Based on symptoms alone, respiratory illness caused by influenza is challenging to distinguish from illness caused by other respiratory pathogens, therefore rapid diagnostic testing may be helpful for guiding antiviral treatment decisions and control activities. Most public health experts agree that rapid diagnostic testing is recommended when an institutional outbreak of influenza is suspected or if quicker test results could better determine a clinical course of action.
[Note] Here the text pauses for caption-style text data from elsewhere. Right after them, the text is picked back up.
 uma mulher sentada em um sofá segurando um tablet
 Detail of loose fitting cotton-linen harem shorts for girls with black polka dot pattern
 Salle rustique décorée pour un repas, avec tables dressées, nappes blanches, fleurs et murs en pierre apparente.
These treatment and control decisions are influenced by the clinician’s understanding of the prevalence of influenza activity, as well as the limitations or rapid testing.
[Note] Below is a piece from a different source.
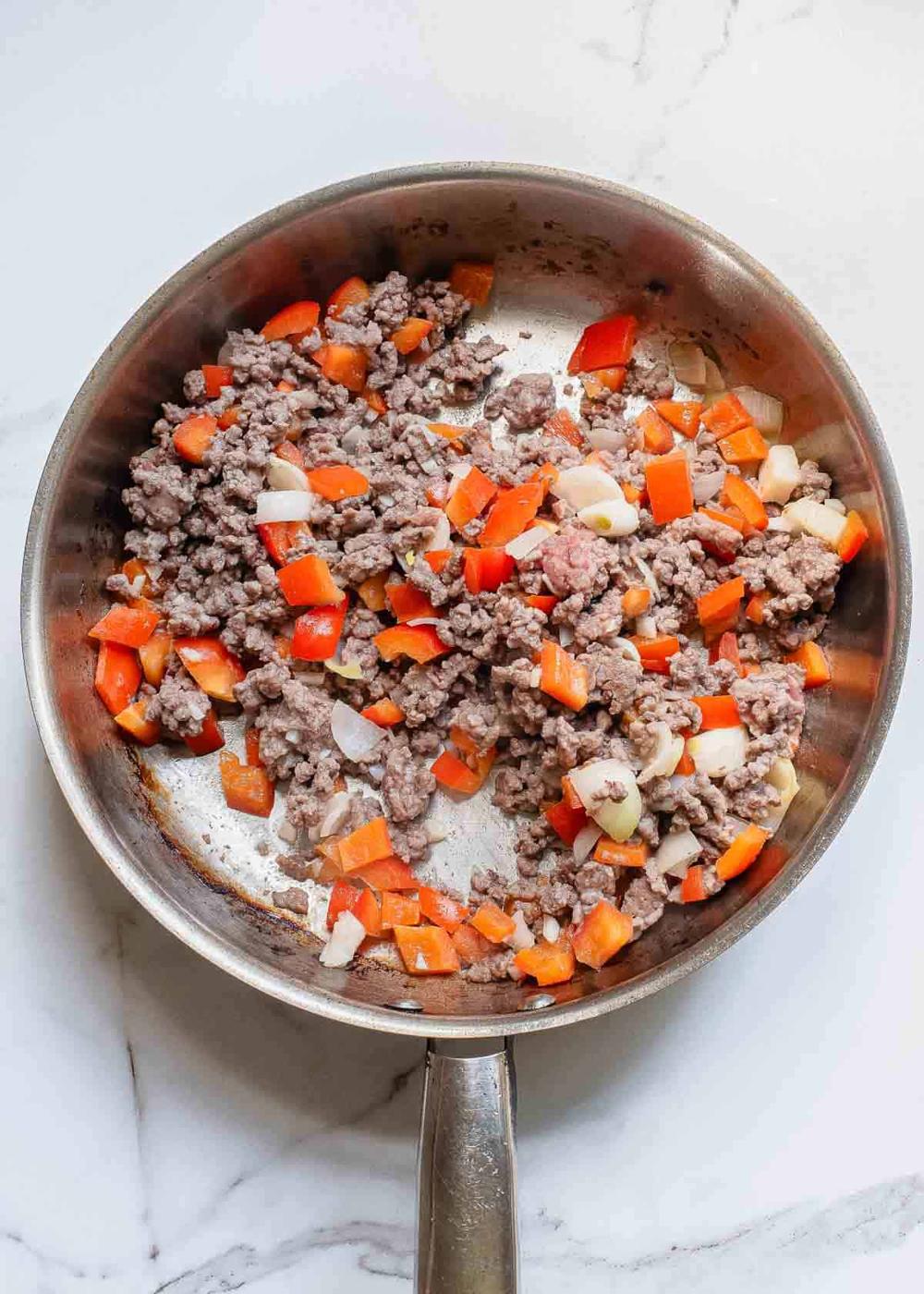 Ground beef cooked with chopped red bell peppers and onions in a frying pan on a marble surface.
Rapid influenza tests are just one segment of tests used to detect influenza A viruses; others include viral culture, polymerase chain reaction (PCR), immunofluorescence DFA testing, and enzyme immunoassays for influenza A virus antigens, according to the Food and Drug Administration’s Center for Devices and Radiological Health (CDRH). Nasopharyngeal and nasal specimens (swab, aspirate, wash) are preferred over other upper respiratory samples, such as throat swabs, for diagnostic testing because of higher quantities of detectable virus. Specimens should be collected within the first four days of illness.
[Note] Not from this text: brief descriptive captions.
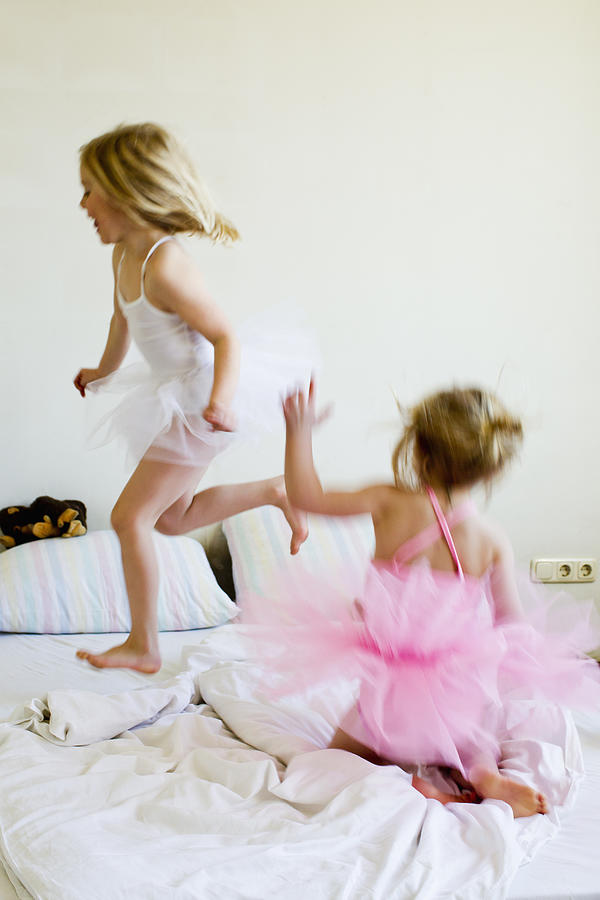 Sisters dressed as ballet dancers running on bed Photograph by Emely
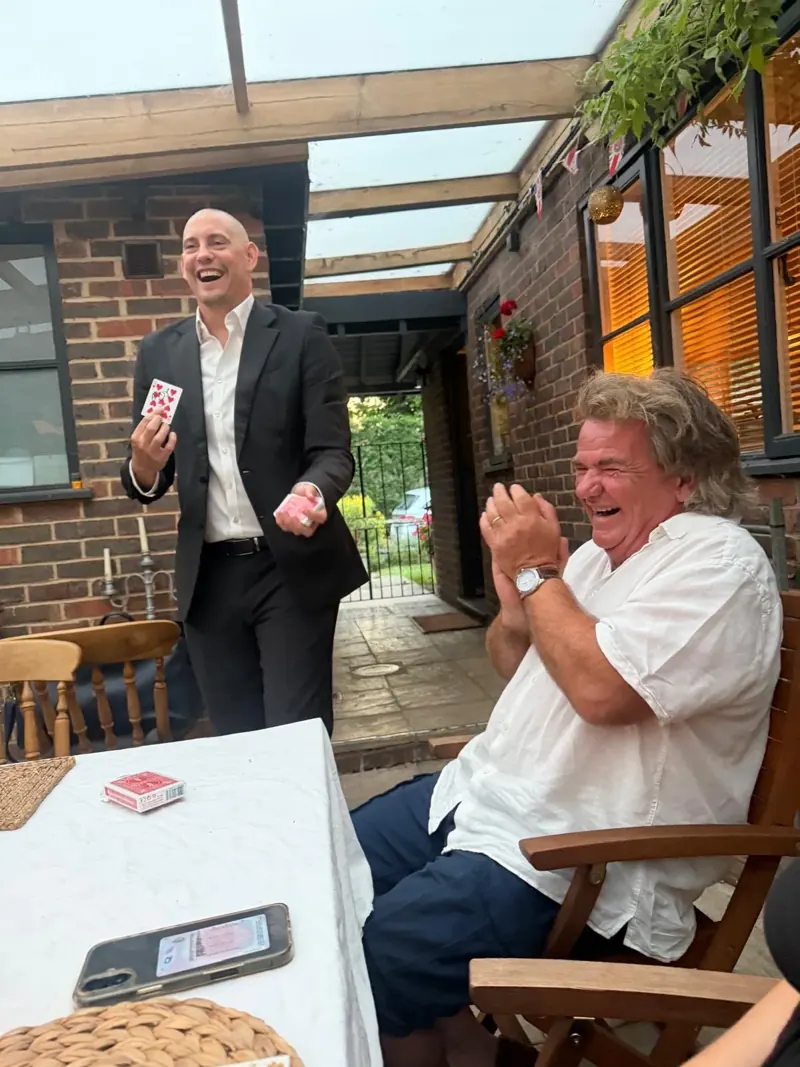 A guest laughing during Matt Parrou2019s after-dinner show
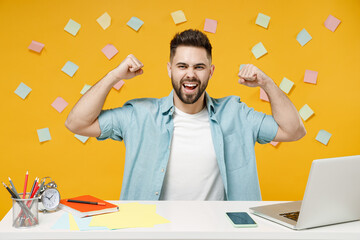 Young strong employee business man 20s in shirt sit work at white office desk with pc laptop showing biceps muscles on hand demonstrating strength power isolated on yellow background studio portrait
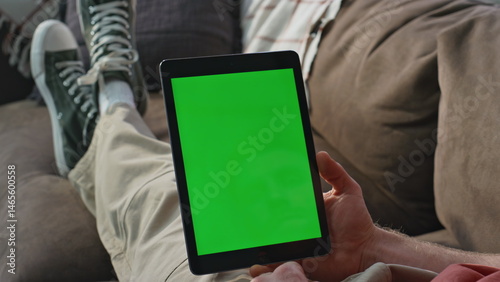 Obraz na płótnie Student watching greenscreen tablet webinar on couch closeup. Man browsing home w salonie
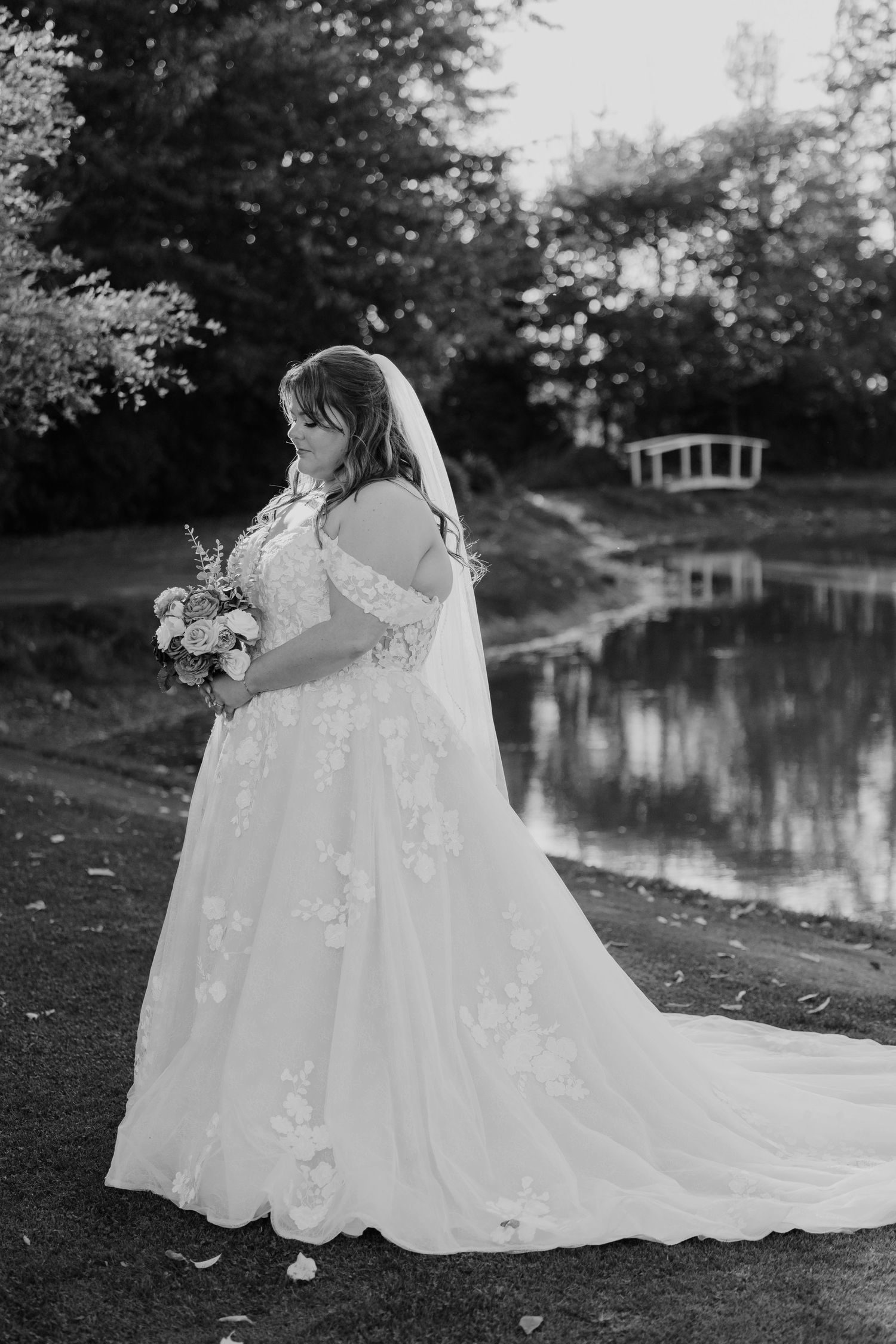 Black and white portrait of bride in floral lace gown with veil beside a serene pond.
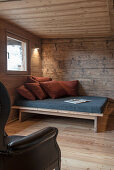 Sofa with cushions and leather armchair in a wooden hut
The National Center for Immunization and Respiratory Diseases (NCIRD) advises that most rapid influenza tests are designed to be greater than 70 percent sensitive for detecting influenza and greater than 90 percent specific compared with virus culture, which accounts for the fact that false negative results occur more commonly than false positive results. The CDRH notes that rapid tests have been shown to have moderate sensitivities when compared to traditional detection methods for influenza A and B virus strains, and that although rapid influenza tests cleared for use in the U.S. generally demonstrate a sensitivity of greater than 60 percent, false negatives are likely, and may vary by age and type of specimen. While specificity of cleared rapid tests is generally high (greater than 90 percent), false-positive test results occur and again may vary by age and specimen type.
The predictive values of influenza tests depend on the level of influenza activity in the community, exposure of the patient to a contagious person, susceptibility of the patient, the characteristics of the tests (sensitivity and specificity), and the adequacy of specimen collection. Inadequate or inappropriate specimens are more likely to yield false negative results. The NCIRD suggests, “The tests are most reliable when there is known influenza activity in the community and when they are performed on patients who have signs and symptoms consistent with influenza and who are within the first four days of illness. However, the symptoms and signs of influenza can vary by age and underlying medical conditions, and not all patients with influenza virus infection will manifest typical symptoms and signs of influenza.”
Rapid diagnostic tests have their limitations, the CDR cautions: “When interpreting results from any rapid influenza test, clinicians must use clinical experience, further laboratory testing, surveillance information about circulating influenza strains and the current level of influenza activity, along with an understanding of the limitations of these rapid tests.” Confirmatory testing using immunofluorescence, viral culture, or PCR should be considered when tests are negative at the beginning of the season or an outbreak, as a negative test may not rule out influenza viral infection. During peak activity when negative predictive values are lowest, false negatives are more likely. When influenza activity is low, positive results should be confirmed by immunofluorescence DFA testing, viral culture, or RT-PCR, as false positive test results are more likely. Additionally, a positive test does not rule out the possibility of co-infections with other pathogens.